A not-so-happy new year for the Ministry of Justice, which was berated by MPs this week over its record on legal aid.

The House of Commons public accounts committee published what it called a ‘scathing’ report on the progress made by the department to future-proof the legal aid sector since a 2024 investigation. But if the committee’s report was scathing, the committee chair’s comments were even more withering.

The government’s legal aid reforms ‘are now at serious risk of going down in history as an extinction event for the entitlement to access to legal advice in large parts of the country’, Sir Geoffrey Clifton-Brown MP said.

‘Our report finds government remaining stubbornly uninterested in whether this is the case, but it must now wake up on this subject. If it refuses to, the Ministry of Justice should, frankly, consider changing its name to the Ministry of Justice (for Certain People).

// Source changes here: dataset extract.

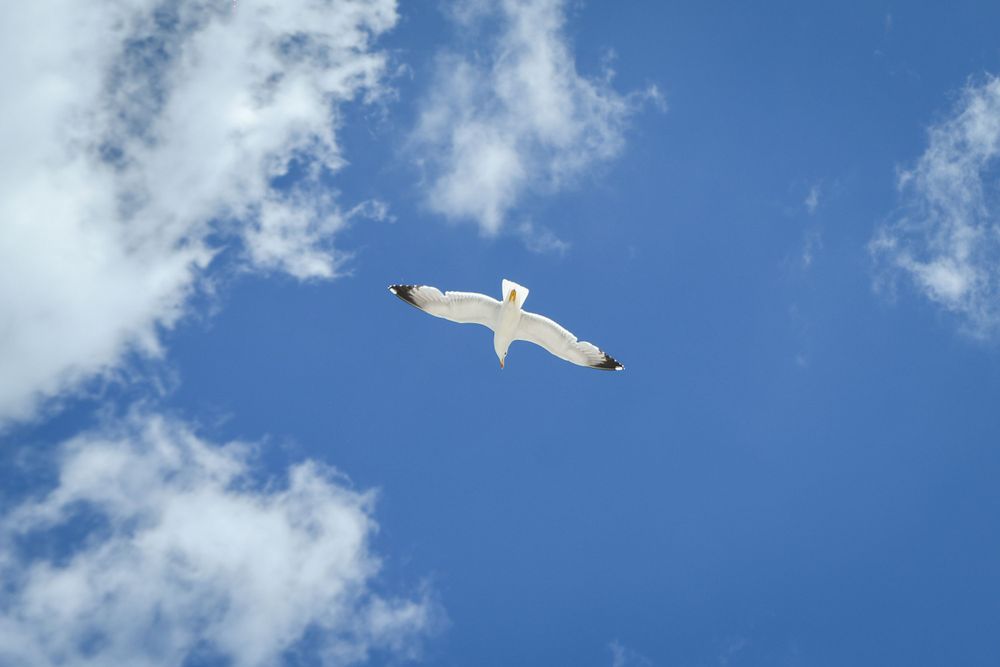 ibiza bird and blue sky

This might be more appropriate for a nation without a sustainable solution in the long-term to provide legal aid to the digitally excluded quarter of the population who need it most.’

The committee found that the MoJ and Legal Aid Agency lacked understanding of whether people defined as digitally excluded – roughly 24% of the population – can access legally aided advice remotely, and the wider costs to the system, including the impact on courts of growing numbers of litigants in person.

While legal aid fees have increased in some areas, the committee criticised the absence of a routine mechanism for reviewing the profitability of all types of legal aid fees.

A £50m investment to update legal aid IT systems was insufficient to mitigate the cyber-attack that enabled hackers to access and download personal data from legal aid applicants between 2007 and 2025. ‘While MoJ told us it has reviewed its systems to identify risks following the attack, it does not yet know whether it will have sufficient funding to address promptly the weaknesses it has identified,’ the report said.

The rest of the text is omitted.